Viktor Orban n’y va pas par quatre chemins. Même si devant un auditoire étranger il évite les outrances et sait même faire preuve de sens de l’humour, son discours est sans équivoque : la Hongrie a traversé une période d’abaissement et de décadence, qu’il fait remonter implicitement à 1918, la fin de la Première guerre mondiale qui devait déboucher deux ans plus tard sur le traité de Trianon et l’amputation d’une grande partie du territoire hongrois.

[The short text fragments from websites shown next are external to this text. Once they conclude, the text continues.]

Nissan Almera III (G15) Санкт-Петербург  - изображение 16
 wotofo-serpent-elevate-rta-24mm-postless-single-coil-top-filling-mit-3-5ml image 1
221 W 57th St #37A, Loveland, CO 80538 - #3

Sans entrer dans les détails de l’histoire, le premier ministre passe vite à la période récente. Une croissance économique plus faible après l’adhésion à l’Union européenne, en 2004, qu’avant, une baisse du niveau de vie et une augmentation du chômage. Trois millions de Hongrois sur 10 vivent au-dessous du seuil de pauvreté, dit-il. Si son parti et ses alliés ont obtenu cette majorité des deux tiers au Parlement, qui leur permet de changer la Constitution et, selon ses adversaires rogner les libertés publiques, c’est parce que la population était « en colère ». « On attend de nous que nous mettions fin à cette décadence », déclare Viktor Orban, qui ajoute : en quatre mois la Hongrie a trouvé une issue à sa situation de faillite.
Le FMI à la porte
Le chef du gouvernement de Budapest donne un petit coup de chapeau au Fond monétaire international, « pour ce qu’il a fait dans le passé » mais se félicite par ailleurs de s’être « libéré de l’emprise » de l’organisation international. Il se passe de Dominique Strauss-Kahn, directeur général du FMI, de ses conseils et de son aide. Il ne compte que sur le marché et les réformes intérieures pour remédier à l’endettement que lui a légué les gouvernements précédents : réforme des retraites, de l’administration, de la Constitution, réduction du nombre des fonctionnaires et nombre d’élus nationaux et locaux divisé par deux...
La présidence de l’UE
Pour sa présidence de l’Union européenne, la Hongrie avait un agenda original. Elle voulait insister sur la diversité culturelle, sur la question de l’eau et sur la coopération danubienne. Viktor Orban avoue qu’il a remis ses idées « dans les tiroirs », conscient que les Européens ont aujourd’hui d’autres préoccupations. Il veut cependant insister sur la poursuite de l’élargissement, notamment en direction de Zagreb. Sans la Croatie, les perspectives d’adhésion des Etats balkaniques diminuent et sans perspectives d’adhésion, la crise est inévitable dans les Balkans occidentaux.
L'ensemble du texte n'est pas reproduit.